_Records excerpted from a collection_:

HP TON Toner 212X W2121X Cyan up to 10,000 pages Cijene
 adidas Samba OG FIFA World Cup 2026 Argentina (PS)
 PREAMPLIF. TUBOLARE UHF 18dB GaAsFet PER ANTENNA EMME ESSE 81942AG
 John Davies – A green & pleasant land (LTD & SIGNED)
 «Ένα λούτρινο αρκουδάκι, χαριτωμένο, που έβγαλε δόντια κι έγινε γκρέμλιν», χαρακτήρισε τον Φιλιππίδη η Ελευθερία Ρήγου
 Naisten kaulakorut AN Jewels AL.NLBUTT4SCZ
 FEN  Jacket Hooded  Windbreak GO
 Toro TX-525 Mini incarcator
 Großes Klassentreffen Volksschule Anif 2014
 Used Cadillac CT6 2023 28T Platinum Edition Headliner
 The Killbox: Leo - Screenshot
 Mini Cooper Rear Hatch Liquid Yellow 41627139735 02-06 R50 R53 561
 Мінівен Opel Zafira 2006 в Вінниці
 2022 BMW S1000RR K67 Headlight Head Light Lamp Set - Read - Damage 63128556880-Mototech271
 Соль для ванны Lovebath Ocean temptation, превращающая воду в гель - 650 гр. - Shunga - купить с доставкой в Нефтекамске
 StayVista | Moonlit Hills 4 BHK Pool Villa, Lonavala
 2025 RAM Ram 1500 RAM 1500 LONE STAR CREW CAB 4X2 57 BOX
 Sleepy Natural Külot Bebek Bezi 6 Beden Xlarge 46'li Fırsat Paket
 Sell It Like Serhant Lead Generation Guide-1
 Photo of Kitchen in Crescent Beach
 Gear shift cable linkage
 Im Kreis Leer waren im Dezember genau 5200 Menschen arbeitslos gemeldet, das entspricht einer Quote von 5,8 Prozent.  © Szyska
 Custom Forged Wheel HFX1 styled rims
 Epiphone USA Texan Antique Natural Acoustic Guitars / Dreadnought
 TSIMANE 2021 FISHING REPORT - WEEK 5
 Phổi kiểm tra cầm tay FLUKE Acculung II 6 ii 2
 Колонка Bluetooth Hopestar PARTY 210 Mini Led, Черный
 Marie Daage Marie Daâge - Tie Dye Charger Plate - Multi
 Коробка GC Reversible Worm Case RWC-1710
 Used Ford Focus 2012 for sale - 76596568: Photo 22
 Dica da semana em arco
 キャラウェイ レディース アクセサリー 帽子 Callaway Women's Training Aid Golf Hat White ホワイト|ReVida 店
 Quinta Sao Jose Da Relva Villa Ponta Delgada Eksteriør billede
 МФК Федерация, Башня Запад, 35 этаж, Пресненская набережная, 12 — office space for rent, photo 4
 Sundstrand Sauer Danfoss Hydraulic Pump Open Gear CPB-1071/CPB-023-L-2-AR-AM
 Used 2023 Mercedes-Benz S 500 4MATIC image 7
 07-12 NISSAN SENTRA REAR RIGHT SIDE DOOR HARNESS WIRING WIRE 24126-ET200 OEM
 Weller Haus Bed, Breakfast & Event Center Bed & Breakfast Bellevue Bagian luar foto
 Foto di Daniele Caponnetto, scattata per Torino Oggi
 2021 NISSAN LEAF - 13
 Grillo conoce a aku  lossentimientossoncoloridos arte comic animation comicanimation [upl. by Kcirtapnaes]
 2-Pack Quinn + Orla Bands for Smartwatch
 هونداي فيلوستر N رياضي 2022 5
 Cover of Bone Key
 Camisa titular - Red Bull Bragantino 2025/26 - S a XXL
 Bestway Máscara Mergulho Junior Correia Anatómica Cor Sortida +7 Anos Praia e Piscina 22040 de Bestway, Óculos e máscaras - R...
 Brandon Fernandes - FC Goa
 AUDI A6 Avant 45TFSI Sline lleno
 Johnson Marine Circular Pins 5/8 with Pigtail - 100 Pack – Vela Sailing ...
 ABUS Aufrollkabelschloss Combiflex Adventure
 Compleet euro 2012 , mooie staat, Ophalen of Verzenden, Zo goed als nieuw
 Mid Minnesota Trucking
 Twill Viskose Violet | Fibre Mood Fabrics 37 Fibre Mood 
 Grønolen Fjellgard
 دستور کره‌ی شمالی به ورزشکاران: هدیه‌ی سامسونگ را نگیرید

_Task instructions_:
Working from the data above, extract solely the lines from the one containing "Соль для ванны" through the one containing "AUDI A6 Avant 45TFSI Sline lleno", exactly as they appear, both included.

_Solution for this task_:
 Соль для ванны Lovebath Ocean temptation, превращающая воду в гель - 650 гр. - Shunga - купить с доставкой в Нефтекамске
 StayVista | Moonlit Hills 4 BHK Pool Villa, Lonavala
 2025 RAM Ram 1500 RAM 1500 LONE STAR CREW CAB 4X2 57 BOX
 Sleepy Natural Külot Bebek Bezi 6 Beden Xlarge 46'li Fırsat Paket
 Sell It Like Serhant Lead Generation Guide-1
 Photo of Kitchen in Crescent Beach
 Gear shift cable linkage
 Im Kreis Leer waren im Dezember genau 5200 Menschen arbeitslos gemeldet, das entspricht einer Quote von 5,8 Prozent.  © Szyska
 Custom Forged Wheel HFX1 styled rims
 Epiphone USA Texan Antique Natural Acoustic Guitars / Dreadnought
 TSIMANE 2021 FISHING REPORT - WEEK 5
 Phổi kiểm tra cầm tay FLUKE Acculung II 6 ii 2
 Колонка Bluetooth Hopestar PARTY 210 Mini Led, Черный
 Marie Daage Marie Daâge - Tie Dye Charger Plate - Multi
 Коробка GC Reversible Worm Case RWC-1710
 Used Ford Focus 2012 for sale - 76596568: Photo 22
 Dica da semana em arco
 キャラウェイ レディース アクセサリー 帽子 Callaway Women's Training Aid Golf Hat White ホワイト|ReVida 店
 Quinta Sao Jose Da Relva Villa Ponta Delgada Eksteriør billede
 МФК Федерация, Башня Запад, 35 этаж, Пресненская набережная, 12 — office space for rent, photo 4
 Sundstrand Sauer Danfoss Hydraulic Pump Open Gear CPB-1071/CPB-023-L-2-AR-AM
 Used 2023 Mercedes-Benz S 500 4MATIC image 7
 07-12 NISSAN SENTRA REAR RIGHT SIDE DOOR HARNESS WIRING WIRE 24126-ET200 OEM
 Weller Haus Bed, Breakfast & Event Center Bed & Breakfast Bellevue Bagian luar foto
 Foto di Daniele Caponnetto, scattata per Torino Oggi
 2021 NISSAN LEAF - 13
 Grillo conoce a aku  lossentimientossoncoloridos arte comic animation comicanimation [upl. by Kcirtapnaes]
 2-Pack Quinn + Orla Bands for Smartwatch
 هونداي فيلوستر N رياضي 2022 5
 Cover of Bone Key
 Camisa titular - Red Bull Bragantino 2025/26 - S a XXL
 Bestway Máscara Mergulho Junior Correia Anatómica Cor Sortida +7 Anos Praia e Piscina 22040 de Bestway, Óculos e máscaras - R...
 Brandon Fernandes - FC Goa
 AUDI A6 Avant 45TFSI Sline lleno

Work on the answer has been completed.